**WORK ITEM:** From the listing below, reproduce word for word the part that opens with the line containing "Pointing to something, looking" and closes with the line containing "View of white"; reproduce nothing else.
[Opening RECORDS SUPPLIED section]
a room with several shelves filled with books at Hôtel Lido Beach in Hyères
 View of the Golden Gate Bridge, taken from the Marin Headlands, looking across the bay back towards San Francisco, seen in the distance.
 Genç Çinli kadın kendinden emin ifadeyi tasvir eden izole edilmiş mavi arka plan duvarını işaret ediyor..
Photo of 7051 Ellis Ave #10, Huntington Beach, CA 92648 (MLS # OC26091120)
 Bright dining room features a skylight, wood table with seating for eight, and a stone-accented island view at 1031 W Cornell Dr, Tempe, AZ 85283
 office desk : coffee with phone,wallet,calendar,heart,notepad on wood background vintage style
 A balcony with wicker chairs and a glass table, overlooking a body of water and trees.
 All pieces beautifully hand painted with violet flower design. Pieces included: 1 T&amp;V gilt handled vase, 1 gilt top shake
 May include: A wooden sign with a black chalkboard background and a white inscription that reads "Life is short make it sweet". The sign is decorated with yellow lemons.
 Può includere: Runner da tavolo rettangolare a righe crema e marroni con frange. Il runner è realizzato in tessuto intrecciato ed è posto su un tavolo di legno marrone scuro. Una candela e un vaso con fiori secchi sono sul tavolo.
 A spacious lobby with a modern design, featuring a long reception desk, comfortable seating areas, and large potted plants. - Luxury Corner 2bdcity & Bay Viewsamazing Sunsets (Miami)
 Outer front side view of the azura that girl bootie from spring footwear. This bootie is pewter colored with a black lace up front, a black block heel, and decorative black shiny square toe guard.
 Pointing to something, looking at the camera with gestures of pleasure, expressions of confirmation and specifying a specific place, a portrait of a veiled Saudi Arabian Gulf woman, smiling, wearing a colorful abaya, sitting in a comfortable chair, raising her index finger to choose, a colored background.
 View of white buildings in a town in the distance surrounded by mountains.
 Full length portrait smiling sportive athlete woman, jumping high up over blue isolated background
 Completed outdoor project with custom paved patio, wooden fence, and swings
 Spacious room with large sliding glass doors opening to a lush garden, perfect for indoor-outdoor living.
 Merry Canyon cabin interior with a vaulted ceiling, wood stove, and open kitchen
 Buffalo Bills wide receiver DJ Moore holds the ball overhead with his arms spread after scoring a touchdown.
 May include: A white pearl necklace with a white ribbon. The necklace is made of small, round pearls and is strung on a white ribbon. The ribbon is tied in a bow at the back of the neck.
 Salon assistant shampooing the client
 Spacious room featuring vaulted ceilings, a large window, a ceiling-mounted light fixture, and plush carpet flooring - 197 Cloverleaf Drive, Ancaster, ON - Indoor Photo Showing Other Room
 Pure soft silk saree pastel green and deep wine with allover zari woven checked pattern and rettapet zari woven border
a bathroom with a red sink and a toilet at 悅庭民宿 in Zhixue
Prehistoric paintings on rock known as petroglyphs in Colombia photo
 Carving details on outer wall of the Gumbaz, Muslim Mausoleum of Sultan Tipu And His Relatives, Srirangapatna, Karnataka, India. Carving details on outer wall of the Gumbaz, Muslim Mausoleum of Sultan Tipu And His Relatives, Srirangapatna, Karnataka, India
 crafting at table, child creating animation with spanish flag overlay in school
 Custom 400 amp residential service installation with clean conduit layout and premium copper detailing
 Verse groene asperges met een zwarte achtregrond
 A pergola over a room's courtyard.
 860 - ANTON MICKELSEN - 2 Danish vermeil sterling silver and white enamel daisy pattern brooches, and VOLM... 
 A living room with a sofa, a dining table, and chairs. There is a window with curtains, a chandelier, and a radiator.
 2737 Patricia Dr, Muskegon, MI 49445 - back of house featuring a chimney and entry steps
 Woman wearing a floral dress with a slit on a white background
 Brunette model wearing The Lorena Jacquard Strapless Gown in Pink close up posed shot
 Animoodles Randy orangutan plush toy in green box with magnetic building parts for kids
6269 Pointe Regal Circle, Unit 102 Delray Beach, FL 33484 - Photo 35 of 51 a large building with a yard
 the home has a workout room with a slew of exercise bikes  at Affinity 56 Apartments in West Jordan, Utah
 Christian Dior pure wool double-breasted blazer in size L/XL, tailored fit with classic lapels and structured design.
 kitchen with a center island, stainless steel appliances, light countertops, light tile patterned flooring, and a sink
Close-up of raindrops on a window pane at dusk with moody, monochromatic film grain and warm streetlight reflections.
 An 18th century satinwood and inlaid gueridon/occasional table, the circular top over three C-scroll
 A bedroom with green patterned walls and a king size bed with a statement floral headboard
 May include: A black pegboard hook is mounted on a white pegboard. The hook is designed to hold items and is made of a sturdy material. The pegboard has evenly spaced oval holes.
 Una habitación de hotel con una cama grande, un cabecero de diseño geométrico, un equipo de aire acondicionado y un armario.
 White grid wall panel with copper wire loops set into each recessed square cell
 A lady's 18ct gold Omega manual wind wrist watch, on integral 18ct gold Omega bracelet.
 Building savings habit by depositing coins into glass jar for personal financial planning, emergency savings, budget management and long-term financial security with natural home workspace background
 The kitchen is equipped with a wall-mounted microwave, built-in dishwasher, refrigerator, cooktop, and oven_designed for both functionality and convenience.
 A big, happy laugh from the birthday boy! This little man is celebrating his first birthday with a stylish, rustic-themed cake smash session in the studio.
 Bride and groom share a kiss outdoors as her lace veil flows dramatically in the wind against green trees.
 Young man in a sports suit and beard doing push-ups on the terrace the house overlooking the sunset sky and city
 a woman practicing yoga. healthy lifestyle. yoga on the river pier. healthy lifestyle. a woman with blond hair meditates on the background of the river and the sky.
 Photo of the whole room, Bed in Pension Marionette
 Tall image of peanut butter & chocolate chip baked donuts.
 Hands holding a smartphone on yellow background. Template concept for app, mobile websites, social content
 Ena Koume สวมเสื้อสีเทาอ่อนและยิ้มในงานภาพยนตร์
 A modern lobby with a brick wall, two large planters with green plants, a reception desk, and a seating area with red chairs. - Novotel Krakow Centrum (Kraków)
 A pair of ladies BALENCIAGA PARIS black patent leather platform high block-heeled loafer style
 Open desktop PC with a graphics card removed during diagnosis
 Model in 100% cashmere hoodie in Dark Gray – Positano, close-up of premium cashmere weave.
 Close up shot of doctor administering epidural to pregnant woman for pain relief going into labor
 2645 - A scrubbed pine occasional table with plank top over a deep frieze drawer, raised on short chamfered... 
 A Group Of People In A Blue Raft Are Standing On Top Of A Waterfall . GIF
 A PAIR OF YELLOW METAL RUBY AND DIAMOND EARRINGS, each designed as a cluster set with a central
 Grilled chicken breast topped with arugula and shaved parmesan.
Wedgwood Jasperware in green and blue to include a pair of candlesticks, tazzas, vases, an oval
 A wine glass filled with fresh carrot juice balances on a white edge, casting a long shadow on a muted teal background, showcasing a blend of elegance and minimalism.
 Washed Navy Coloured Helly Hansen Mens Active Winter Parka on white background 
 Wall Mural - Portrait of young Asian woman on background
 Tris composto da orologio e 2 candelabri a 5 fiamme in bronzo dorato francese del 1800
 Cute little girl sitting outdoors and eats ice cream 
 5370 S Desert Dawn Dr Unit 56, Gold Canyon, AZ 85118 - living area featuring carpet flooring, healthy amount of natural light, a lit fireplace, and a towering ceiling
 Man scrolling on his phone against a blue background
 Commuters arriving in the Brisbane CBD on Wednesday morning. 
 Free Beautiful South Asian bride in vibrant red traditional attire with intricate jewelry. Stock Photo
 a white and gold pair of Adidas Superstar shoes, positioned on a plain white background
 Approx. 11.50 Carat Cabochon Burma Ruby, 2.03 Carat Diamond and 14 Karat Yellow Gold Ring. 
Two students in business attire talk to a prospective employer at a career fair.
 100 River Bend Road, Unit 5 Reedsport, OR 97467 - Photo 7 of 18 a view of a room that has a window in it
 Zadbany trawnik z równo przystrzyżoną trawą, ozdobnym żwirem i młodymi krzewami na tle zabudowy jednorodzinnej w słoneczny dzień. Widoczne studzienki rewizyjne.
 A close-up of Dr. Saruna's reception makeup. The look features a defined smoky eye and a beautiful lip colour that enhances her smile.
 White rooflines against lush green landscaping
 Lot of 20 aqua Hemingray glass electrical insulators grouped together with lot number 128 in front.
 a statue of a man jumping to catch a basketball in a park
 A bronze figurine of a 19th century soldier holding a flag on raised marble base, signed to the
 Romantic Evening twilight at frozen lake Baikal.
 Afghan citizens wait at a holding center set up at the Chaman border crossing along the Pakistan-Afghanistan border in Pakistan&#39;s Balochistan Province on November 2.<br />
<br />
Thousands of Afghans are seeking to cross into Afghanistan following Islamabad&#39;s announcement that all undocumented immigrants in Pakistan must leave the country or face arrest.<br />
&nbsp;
[Closing RECORDS SUPPLIED section]
**REPLY TO THE TASK:**
 Pointing to something, looking at the camera with gestures of pleasure, expressions of confirmation and specifying a specific place, a portrait of a veiled Saudi Arabian Gulf woman, smiling, wearing a colorful abaya, sitting in a comfortable chair, raising her index finger to choose, a colored background.
 View of white buildings in a town in the distance surrounded by mountains.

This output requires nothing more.